Elysse reminded me at supper tonight that I shouldn't talk with my mouth full, so maybe I'm due for another class. But even though my manners aren't fit for dinner with the queen, I'm glad my family taught me the value and necessity of good manners from an early age. And Dave and I are trying to teach our girls the same thing.

"Please" and "thank you" are the obvious basics (explained very nicely in the book above!), but I am always looking for resources to teach social graces that go beyond that.

Here is a GREAT one on the Simple Kids blog:

Parenting Preschoolers: A Starting Place for Social Graces

This is an article by Amanda Morgan, who is the author of Not Just Cute - another great blog.

She takes manners and courtesy right into discipline, and it really does all go hand in hand. I firmly believe that (so far) discipline is the absolute hardest part of parenting. I don't believe in punishment, but I firmly believe in predetermined, relevant, consistent discipline, and spend a fair amount of time thinking (and worrying) about it. I loved what Amanda Morgan's article suggested.

Here are a few of her points that resounded in me:

  • Many challenging behaviors are absolutely normal parts of development. This doesn’t mean you shouldn’t correct the behaviors, but their appearance doesn’t mean you’ve done a lousy job of parenting or that you have an inherently “bad” kid.
  • Social skills are learned skills.
  • When the next shouting match or toy tug-of-war occurs, take a deep breath and recognize those conflicts as teaching opportunities.
  • Young children have the capacity to feel all the turbulent emotions we feel as adults, but a limited ability to verbalize it.
  • When the focus is on punishment as a reaction to improper behavior, we are only teaching the child not to “get caught” being “bad.”

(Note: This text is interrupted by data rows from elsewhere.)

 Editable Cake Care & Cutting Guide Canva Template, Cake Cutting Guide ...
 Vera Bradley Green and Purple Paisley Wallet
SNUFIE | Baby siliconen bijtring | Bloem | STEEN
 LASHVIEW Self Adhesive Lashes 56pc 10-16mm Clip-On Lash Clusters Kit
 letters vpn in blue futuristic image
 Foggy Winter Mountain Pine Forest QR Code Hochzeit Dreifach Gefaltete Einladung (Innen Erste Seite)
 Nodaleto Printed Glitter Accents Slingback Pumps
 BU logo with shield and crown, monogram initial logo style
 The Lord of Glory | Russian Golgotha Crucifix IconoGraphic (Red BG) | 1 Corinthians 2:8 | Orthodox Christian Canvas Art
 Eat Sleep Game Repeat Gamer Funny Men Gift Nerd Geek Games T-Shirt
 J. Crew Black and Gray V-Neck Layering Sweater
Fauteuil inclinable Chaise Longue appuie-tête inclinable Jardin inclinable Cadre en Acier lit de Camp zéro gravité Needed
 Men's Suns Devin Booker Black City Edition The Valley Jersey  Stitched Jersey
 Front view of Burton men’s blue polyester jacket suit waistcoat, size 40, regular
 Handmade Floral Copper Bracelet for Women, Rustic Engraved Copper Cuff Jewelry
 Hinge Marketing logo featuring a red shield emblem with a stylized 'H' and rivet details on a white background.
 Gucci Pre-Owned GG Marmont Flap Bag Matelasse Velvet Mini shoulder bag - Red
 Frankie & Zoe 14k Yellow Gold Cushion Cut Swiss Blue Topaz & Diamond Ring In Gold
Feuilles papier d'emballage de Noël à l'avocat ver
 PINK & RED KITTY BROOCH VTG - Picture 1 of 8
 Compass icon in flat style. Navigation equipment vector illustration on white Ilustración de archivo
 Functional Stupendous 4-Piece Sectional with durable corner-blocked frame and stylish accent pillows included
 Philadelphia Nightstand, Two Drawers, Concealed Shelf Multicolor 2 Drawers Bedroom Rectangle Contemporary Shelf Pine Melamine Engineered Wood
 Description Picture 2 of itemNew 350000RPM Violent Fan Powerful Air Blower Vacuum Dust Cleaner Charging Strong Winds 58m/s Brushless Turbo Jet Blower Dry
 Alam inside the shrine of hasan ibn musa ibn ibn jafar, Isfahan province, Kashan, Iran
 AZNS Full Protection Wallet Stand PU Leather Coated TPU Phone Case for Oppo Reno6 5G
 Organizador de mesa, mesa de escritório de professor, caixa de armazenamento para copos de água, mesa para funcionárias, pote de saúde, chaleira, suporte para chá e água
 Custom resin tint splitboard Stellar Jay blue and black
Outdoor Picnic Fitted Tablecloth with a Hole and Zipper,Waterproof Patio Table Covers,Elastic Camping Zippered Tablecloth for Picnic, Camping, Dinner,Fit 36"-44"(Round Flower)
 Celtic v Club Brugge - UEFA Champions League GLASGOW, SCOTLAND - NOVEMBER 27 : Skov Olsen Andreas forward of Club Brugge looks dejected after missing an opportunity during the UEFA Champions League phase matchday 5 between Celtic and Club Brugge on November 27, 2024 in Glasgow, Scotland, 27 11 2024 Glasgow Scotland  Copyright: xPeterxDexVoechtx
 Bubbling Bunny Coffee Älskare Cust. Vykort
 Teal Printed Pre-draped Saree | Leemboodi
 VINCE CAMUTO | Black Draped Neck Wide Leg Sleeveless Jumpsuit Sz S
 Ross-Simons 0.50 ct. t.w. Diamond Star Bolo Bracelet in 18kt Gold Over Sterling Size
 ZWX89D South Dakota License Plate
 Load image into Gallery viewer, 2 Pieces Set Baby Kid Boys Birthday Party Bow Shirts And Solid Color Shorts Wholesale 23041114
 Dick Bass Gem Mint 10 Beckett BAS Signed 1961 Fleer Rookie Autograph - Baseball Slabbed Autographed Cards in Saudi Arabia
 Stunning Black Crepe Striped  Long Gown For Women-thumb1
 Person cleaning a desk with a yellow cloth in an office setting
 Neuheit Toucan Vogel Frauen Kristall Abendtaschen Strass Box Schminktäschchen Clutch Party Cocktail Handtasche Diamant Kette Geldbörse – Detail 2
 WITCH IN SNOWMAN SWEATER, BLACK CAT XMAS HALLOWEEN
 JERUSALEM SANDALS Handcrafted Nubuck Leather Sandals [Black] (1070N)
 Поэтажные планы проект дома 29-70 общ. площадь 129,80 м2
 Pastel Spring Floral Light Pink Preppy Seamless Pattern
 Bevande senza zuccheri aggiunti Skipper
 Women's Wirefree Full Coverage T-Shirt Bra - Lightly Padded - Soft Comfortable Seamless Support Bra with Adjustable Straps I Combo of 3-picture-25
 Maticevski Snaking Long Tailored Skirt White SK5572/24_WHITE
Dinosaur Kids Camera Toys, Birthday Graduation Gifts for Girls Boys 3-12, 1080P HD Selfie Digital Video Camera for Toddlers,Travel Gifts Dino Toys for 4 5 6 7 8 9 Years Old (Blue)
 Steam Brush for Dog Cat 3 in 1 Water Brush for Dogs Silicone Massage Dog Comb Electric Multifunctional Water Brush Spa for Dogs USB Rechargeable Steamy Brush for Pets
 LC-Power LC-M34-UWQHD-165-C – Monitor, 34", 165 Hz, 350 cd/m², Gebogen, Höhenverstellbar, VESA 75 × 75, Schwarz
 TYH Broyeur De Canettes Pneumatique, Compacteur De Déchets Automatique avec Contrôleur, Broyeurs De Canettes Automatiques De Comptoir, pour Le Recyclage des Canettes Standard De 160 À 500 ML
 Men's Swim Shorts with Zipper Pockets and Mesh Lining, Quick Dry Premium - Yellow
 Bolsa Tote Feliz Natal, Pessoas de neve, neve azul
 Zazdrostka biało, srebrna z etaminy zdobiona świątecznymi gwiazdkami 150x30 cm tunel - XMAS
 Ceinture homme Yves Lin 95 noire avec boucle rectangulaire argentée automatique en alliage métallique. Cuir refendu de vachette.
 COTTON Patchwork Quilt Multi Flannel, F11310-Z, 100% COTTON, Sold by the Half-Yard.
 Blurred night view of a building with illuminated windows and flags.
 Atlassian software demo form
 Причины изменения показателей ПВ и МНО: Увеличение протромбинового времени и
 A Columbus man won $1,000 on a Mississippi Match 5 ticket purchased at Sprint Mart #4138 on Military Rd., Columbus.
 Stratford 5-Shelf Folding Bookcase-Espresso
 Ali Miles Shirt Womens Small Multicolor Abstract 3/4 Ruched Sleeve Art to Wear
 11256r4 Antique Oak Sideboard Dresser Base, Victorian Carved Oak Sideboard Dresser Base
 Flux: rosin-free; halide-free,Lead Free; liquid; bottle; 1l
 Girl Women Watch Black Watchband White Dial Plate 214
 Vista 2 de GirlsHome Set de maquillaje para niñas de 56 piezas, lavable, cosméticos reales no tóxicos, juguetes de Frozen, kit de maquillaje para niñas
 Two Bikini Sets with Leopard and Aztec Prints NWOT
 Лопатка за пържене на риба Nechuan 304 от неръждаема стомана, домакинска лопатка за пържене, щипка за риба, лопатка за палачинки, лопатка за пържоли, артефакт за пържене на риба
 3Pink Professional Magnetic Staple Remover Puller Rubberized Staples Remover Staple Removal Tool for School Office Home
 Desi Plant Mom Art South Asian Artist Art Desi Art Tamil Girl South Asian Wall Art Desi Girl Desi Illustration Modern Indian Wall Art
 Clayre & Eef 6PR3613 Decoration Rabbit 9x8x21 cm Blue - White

I could list a ton more, but if this is something that is part of your life right now, I suggest reading it. Don't skip anything - there are gems the whole way through! And please share if you have any resources that you've found useful! I think we could all use some new ideas in this department, right?


Amanda Morgan said...

I'm so glad you enjoyed the article! Knowing parents like you find something helpful in it is my big payoff! Thanks for recommending it so highly. I'm very flattered!
Amanda Morgan

Jordana said...

Thanks for sharing that Lyndsey, it's a great article! I totally agree, discipline is so hard. It's always good to have a few fresh ideas to try out!